木材は、相当長い間ストレスを受けていても、そのストレスを取り除けば元に戻ろうとする力がある。取りあえず全てのテンションを取り去った状態で、一晩置くことにした。翌日見ると、エンドブロック周りの表板の隙間は小さくなっていた。
5 件のコメント:
いつも興味深く読ませてもらっています。
テンションから解放されたとたんにサドルが
飛ぶなんてすごい話ですね。セットアップが楽器に与える影響を再認識しました。
また、一般的に言って、テンションの強い弦を張りっぱなしにしておくのもあまりよくないんでしょうか?とはいえ、弱めの弦を張って音に満足できなければ本末転倒なんですが。
こみみさんコメントありがとうございます。いつも読んで頂いていると思うと大変嬉しいです。どうぞ厳しくまた長い目で見ていただければ幸いです。
楽器が健康なら弦を張った状態でバランスがとれると思うので、基本的には張ったままで良いと思います。通常は、張ったり緩めたりする悪影響の方が大きいと思います。ガット弦のように保管に気遣いが必要な弦であっても、楽器自体に影響がでる程には緩めないと思います。
また、私の経験からは断定的なことが申し上げられないのですが、弦のテンションが強いかどうかは、楽器との兼ね合いがあるのではないでしょうか。テンションの強い弦が合う楽器もあると思いますし、そうでない楽器もあるのではないかと思います。
もし、弦を張っているだけで楽器に問題が起こるようなら、セットアップか、おっしゃるように弦との相性に問題がある事も考えられると思います。今回サドルが外れたのは、弦を外した時ではなく、魂柱を外した時なので、これは、セットアップに問題があった例と考えて良いと思います。
ご丁寧にありがとうございます。たしかに、弦のテンションは、楽器のと兼ね合いという観点から見るべきかもしれませんね。

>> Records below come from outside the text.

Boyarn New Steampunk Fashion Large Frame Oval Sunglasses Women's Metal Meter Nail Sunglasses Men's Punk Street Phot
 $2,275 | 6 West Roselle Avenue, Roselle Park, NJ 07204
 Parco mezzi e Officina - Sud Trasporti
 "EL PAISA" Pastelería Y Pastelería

私は自分でセットアップをするわけではないのですが、プレイヤーとして楽器と接するうえでも為になる知識が得られ、毎回の更新を楽しみにしています。それでは、今後も期待しています。
これって,かもめ...のフレーズです
よね...ちょっと確認です.
その後ラップ現象はおきていませんか?
教授さんコメントありがとうございます。
"かもめ"は、世代ですね。確認を確認します。
その後、写真の5弦は、サドルをフィットしてつけなおし、変な音を出す事も無く安定しています。次の段階では、キルリアン写真を撮って生体エネルギーを・・・というのは冗談で、別な楽器の作業をはさみ、新しい弦が届いてから作業再開です。